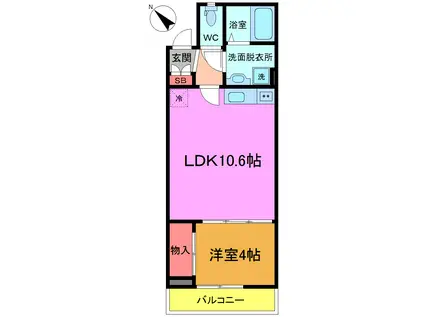 ステラK II(1LDK/2階)の間取り写真
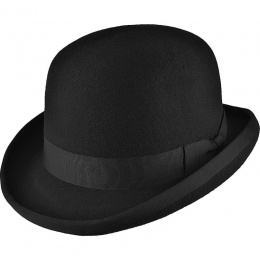 Boys Black Premium Wool Classic Bowler Hat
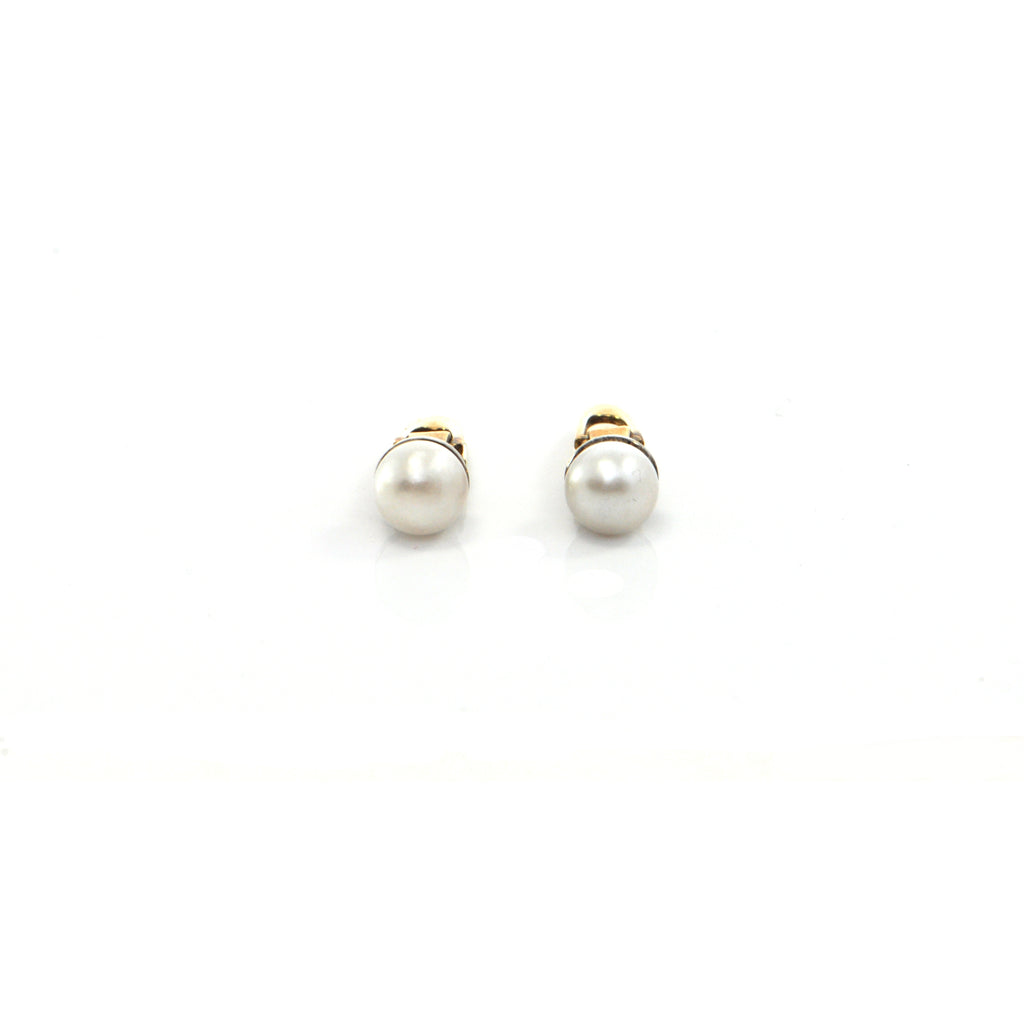 Vintage Birks Japanese Cultured Pearl Stud Cufflinks in 14k Yellow Gold + Montreal Estate Jewelers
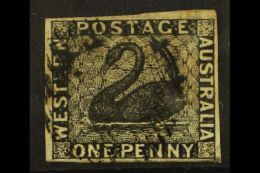 WESTERN AUSTRALIA 1854 1d Black Imperf, SG 1, Fine Used, Four Margins, Tiny Corner Crease. For More Images, Please... - Altri & Non Classificati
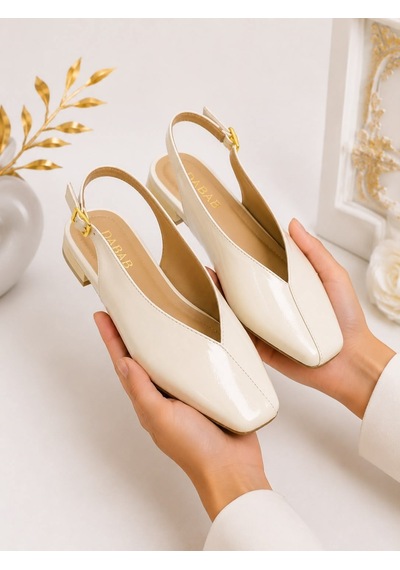 Dabab Shoes Lıvora Kadın Krem Kare Burun Tokalı Düz Taban Slingback Casual Babet Ayakkabı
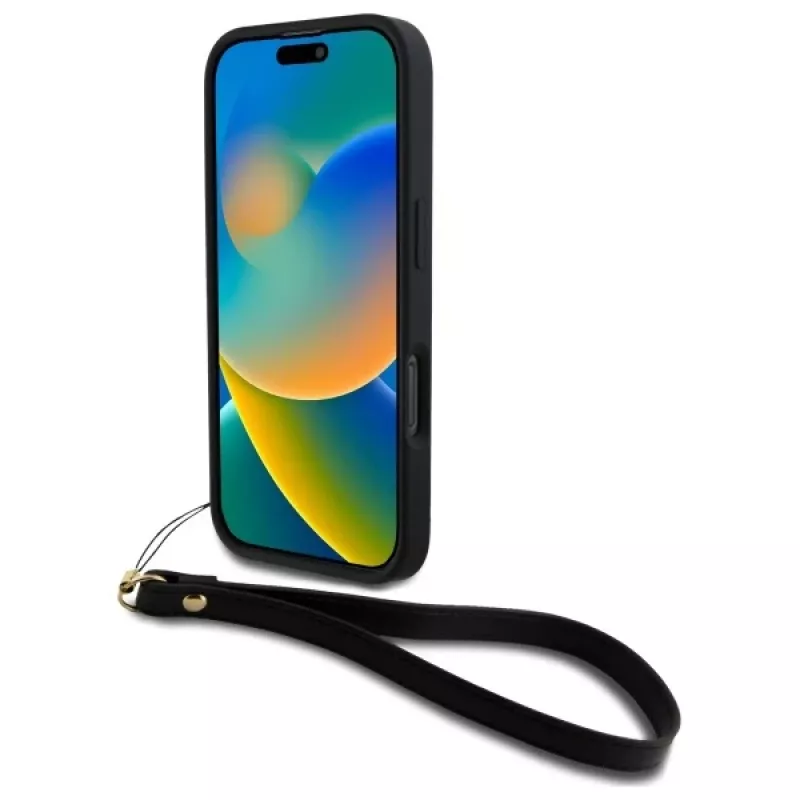 DKNY DKHCP16LPBSWSK iPhone 16 Pro 6,3 colio juodas kietas dėklas su dirželiu ir logotipu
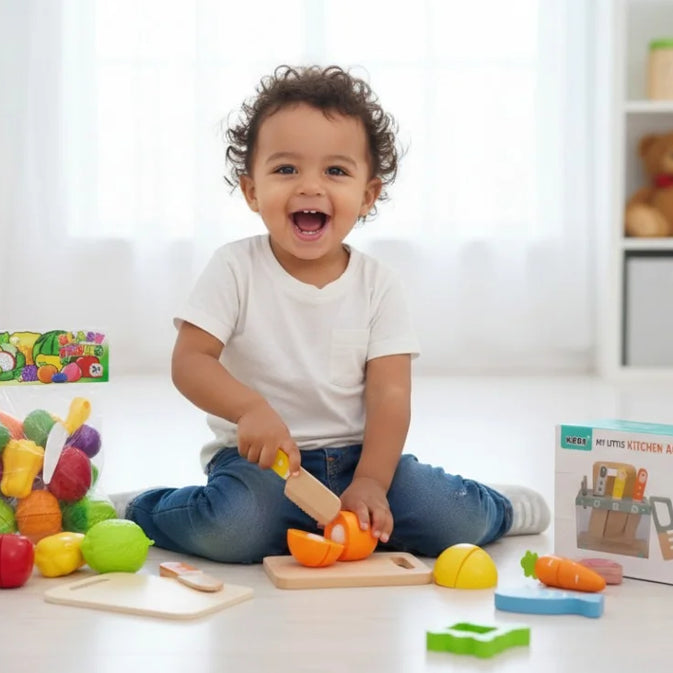 Little Kitchen Accessories + Colorful Fruit & Vegetable Cutting Toy (Pack 2)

------------------------------------------------------------

__Problem description__
Word for word, write out the lines from the top of the records above down to the line holding "Dabab Shoes Lıvora", inclusive, but not the pictures.

__Solution below__
 ステラK II(1LDK/2階)の間取り写真
 Boys Black Premium Wool Classic Bowler Hat
 Vintage Birks Japanese Cultured Pearl Stud Cufflinks in 14k Yellow Gold + Montreal Estate Jewelers
 WESTERN AUSTRALIA 1854 1d Black Imperf, SG 1, Fine Used, Four Margins, Tiny Corner Crease. For More Images, Please... - Altri & Non Classificati
 Dabab Shoes Lıvora Kadın Krem Kare Burun Tokalı Düz Taban Slingback Casual Babet Ayakkabı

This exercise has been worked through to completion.